Output per worker doubled again to $75,000 by 1997 (21 years later), as productivity per worker increased to 3.23%. Manufacturing output per worker approximately doubled again to $149,000 by 2010, but it only took 13 years because worker productivity accelerated to 5.42% during this period.
This is an amazing story of huge increases in U.S. worker productivity in the manufacturing sector. In fact, the growth in manufacturing worker productivity more than doubled from 2.63% per year in the period between 1950 and mid-1970s to 5.42% annually between 1997 and 2010. Whereas it took 26 years for output per worker to double during the first period (1950-1976), it only took 13 years during the more recent period (1997-2010).
Manufacturing workers in America keep getting more and more productive, which then allows us to produce more and more output over time, with fewer and fewer workers.
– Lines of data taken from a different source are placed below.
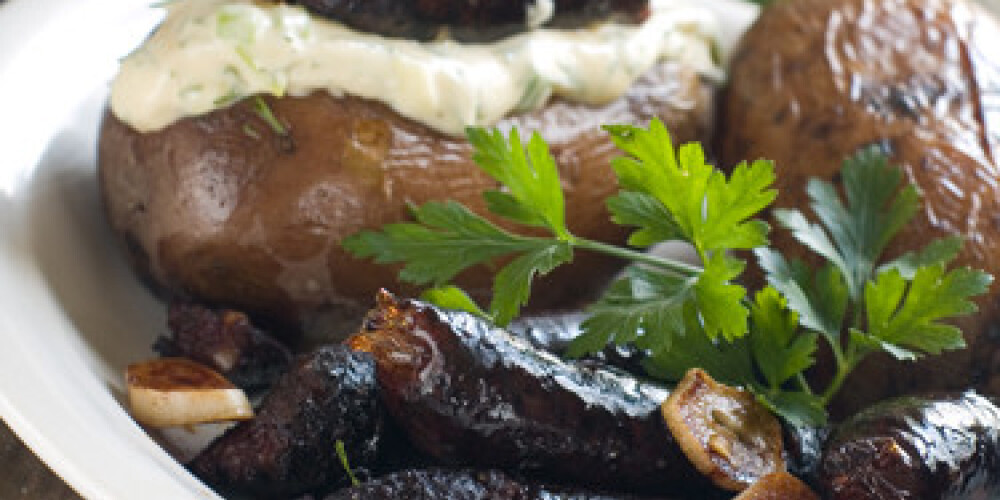 Roasted potato with sauce and blood sausage on plate, selective focus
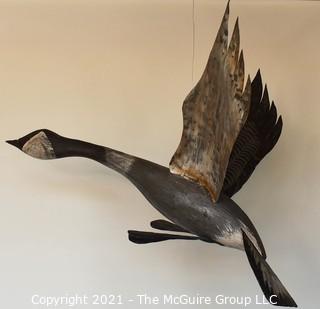 Primitive Hanging Painted Metal Folkart Sculpture of a Canadian Goose.  Wingspan measures 36"L. 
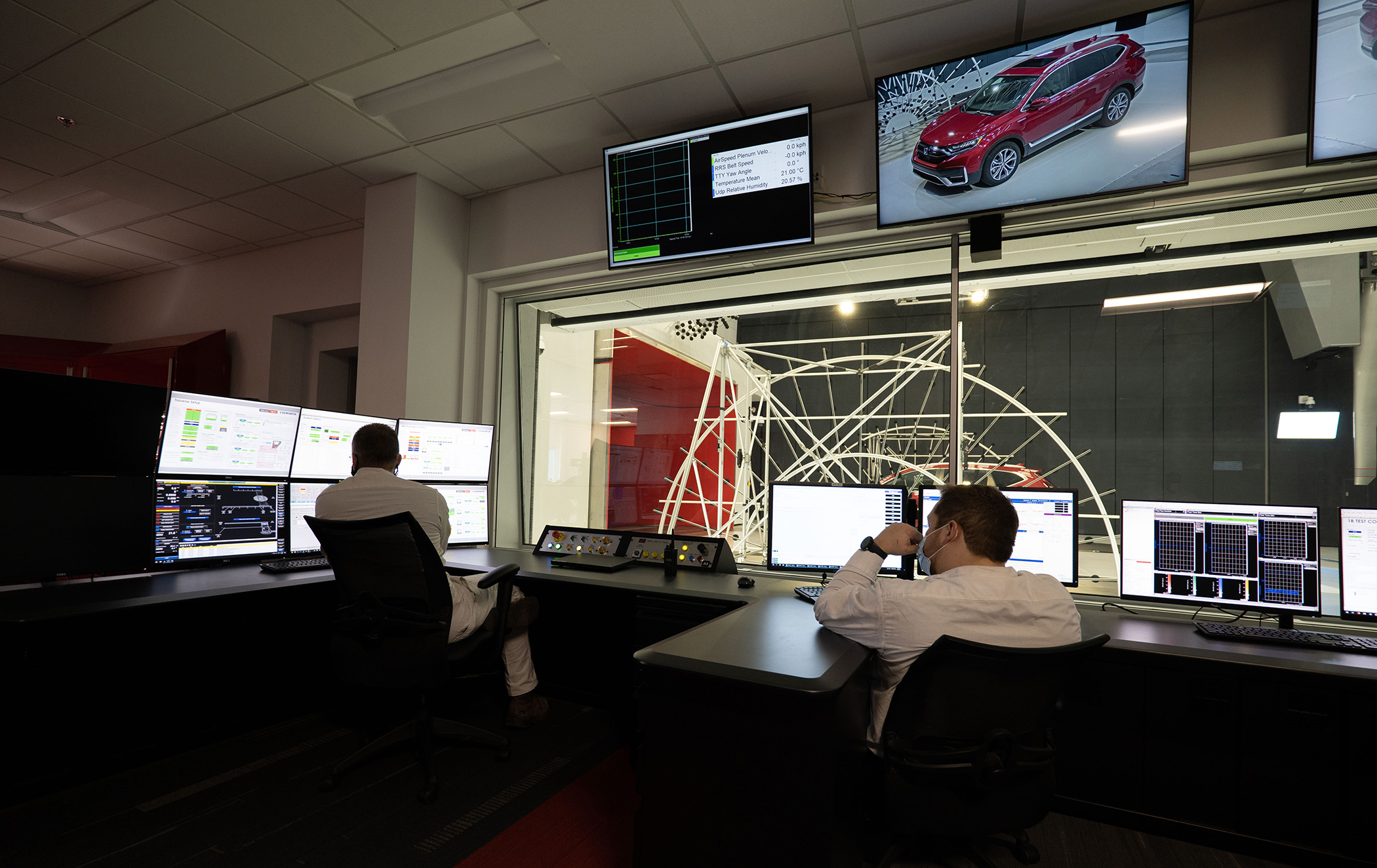 HALO Wind Tunnel control room — three engineers monitoring aeroacoustic test data in real-time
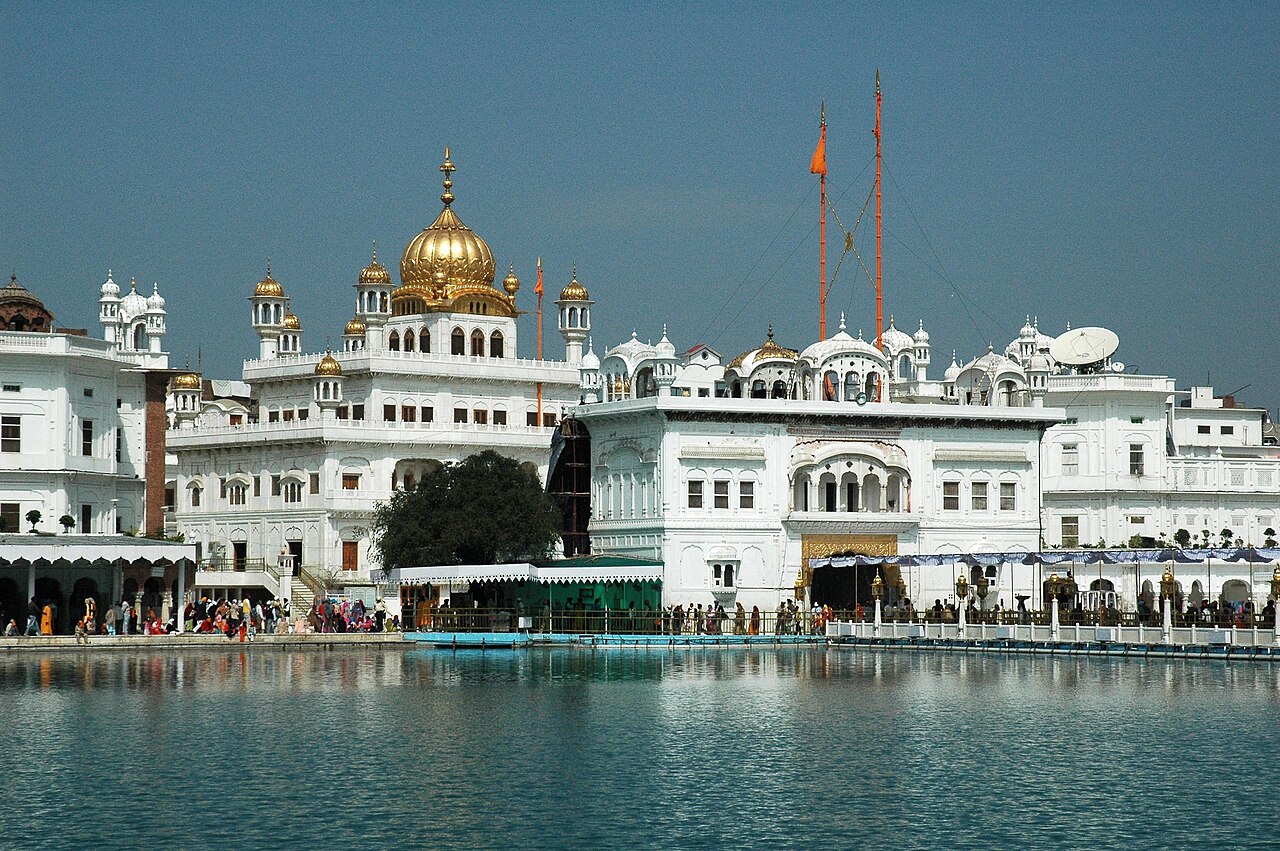 The twin Nishan Sahibs of miri and piri standing before Sri Akal Takht Sahib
That's a great story about an American industry that is healthy, successful and thriving, and not an industry in decline.
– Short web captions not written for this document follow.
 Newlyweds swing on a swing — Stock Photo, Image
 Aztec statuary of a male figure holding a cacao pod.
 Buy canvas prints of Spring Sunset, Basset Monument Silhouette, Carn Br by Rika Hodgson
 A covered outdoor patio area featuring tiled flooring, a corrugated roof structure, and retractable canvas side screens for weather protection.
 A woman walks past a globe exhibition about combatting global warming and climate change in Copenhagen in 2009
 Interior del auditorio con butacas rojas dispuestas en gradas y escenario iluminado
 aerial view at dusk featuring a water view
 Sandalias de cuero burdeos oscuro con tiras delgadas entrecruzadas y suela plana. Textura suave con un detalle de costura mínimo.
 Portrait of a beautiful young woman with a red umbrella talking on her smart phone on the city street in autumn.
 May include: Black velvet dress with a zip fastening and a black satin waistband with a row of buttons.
By continually increasing worker productivity and productive efficiency, the American manufacturing sector has been hugely successful at achieving one of the most important economic outcomes of being able to "produce more with less." In the process, those efficiency and productivity gains have helped conserve scarce resources, including human resources, more effectively than almost any other industry, except maybe farming.
It's hard to overstate how much the efficiency gains achieved by U.S. manufacturing have contributed to the improvements in our standard of living by making manufactured goods more affordable over time. We should spend less time complaining about fewer workers in manufacturing, and more time celebrating the phenomenal gains in manufacturing worker productivity.
In 2009, the U.S. produced $2.33 trillion of manufacturing output including mining and utilities, according to data from the United Nations. The U.S. ranked #1 in the world for manufacturing, and produced 14% more output than second-ranked China ($2.04 trillion) and twice as much output as third-ranked Japan ($1.15 trillion).
What's most impressive is that the U.S. produced almost as much manufacturing output as the manufacturing sectors of Germany (#4), Italy (#5), France (#6), Russia (#7), U.K. (#8), Brazil (#9) and Canada (#10) combined ($2.44 trillion).
We are constantly hammered with bad news about the decline in the number of manufacturing jobs in the U.S., but we never hear the good news about why that is happening:
I think we can now safely say that the profitability of the U.S. manufacturing sector has made a complete and total V-shaped recovery from the effects of the U.S. recession and global slowdown, and is now well-prepared and situated for a new cycle of growth and expansion in output, sales, jobs, R&D, and capital investment.